Latest Astronaut robot milker breaks cover

The latest phase in milk robot development by Dutch manufacturer Lely makes its new Astronaut A3 “Next” machine even more of a complete herd management aid.
Online benchmarking against results from other Astronaut users is now offered. Software operation has been simplified with users able to design their own displays and brighter, easier overview graphics with key production indicator figures. New PDA software also simplifies herd management on-the-go.
Emphasis on udder health has brought more sensors for conductivity and temperature plus new 3-colour analysis of milk. “We now measure the green and blue spectra as well as the more normal red for increased information on udder health,” explains Lely marketing manager Coert van Lenteren. “This backs up the Astronaut’s unique continuous cell count recording from individual quarters.”

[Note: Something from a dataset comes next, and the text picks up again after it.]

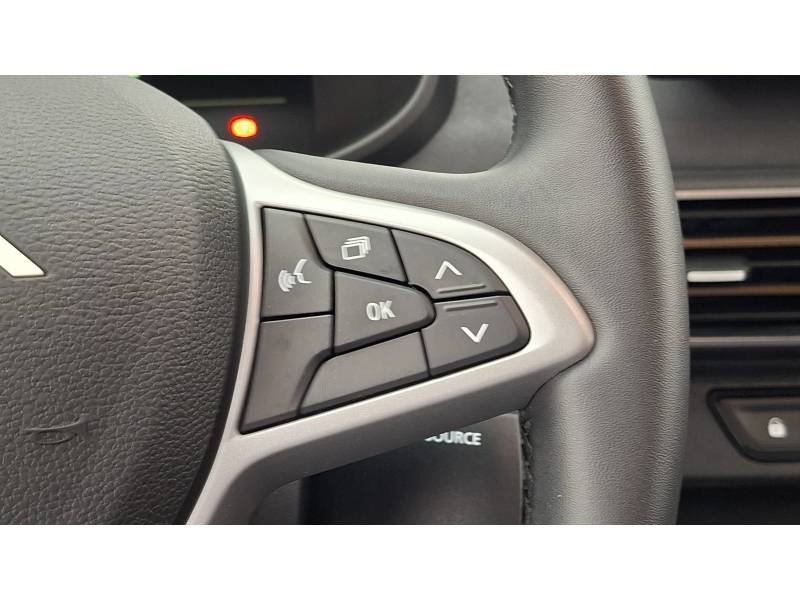 Dacia Jogger - Photo 26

Fine-tuning the actual milking operation has Lely honing its proven variable pulsator speed system for individual quarters with pulsators moved nearer the udder on the redeveloped chrome-nickel-steel milking arm. Milking has been speeded up by a few percentage points and teat cups are removed 50% faster from the individual quarters after milking out, claims Lely. There’s also marked reduction in detection and correction time when a teat cup is attached wrongly.
Milk recording is no longer by volume in the collection jar. Lely says weighing is more accurate, now suspending the jar from a weighing cell.
Automatic steam sterilisation during the cleaning phase is also now available.
The Astronaut’s X-Link terminal at the actual robot has a new touch-screen for easier-viewing of all functions.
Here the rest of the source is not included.